§ **Work order**
Copy out the line bearing "Fly Racing - Fly" and all the lines after it, to the very end of the material below, exactly as written.
[Start of section]
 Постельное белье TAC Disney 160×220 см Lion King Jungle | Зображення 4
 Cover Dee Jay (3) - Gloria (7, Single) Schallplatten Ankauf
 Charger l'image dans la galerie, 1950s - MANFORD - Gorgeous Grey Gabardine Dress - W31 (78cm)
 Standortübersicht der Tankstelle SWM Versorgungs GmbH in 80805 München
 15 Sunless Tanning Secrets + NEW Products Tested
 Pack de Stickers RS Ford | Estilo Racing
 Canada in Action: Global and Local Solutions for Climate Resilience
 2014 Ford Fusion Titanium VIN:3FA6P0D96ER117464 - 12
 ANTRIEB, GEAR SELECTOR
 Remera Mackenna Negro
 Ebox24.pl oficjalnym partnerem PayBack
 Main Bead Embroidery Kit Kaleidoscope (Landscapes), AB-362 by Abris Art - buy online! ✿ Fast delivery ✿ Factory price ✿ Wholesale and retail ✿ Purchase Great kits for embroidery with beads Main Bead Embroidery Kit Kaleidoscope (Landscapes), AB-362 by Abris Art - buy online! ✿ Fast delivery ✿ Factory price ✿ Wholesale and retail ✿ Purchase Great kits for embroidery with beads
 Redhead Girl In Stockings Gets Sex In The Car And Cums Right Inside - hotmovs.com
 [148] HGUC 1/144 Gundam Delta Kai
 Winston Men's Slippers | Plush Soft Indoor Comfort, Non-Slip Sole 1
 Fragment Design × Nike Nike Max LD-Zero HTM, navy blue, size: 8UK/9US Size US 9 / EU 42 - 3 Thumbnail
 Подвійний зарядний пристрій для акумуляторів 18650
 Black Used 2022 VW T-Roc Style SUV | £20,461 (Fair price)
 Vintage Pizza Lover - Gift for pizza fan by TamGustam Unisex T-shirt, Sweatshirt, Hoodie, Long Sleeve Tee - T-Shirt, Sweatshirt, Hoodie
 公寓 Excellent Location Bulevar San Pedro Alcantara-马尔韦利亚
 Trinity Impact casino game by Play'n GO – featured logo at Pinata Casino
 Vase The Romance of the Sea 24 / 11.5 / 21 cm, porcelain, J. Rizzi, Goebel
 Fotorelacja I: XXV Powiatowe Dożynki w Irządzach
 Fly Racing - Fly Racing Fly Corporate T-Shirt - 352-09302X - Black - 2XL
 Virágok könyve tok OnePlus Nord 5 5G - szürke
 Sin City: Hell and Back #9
[End of section]
§ **Solution for this problem**
 Fly Racing - Fly Racing Fly Corporate T-Shirt - 352-09302X - Black - 2XL
 Virágok könyve tok OnePlus Nord 5 5G - szürke
 Sin City: Hell and Back #9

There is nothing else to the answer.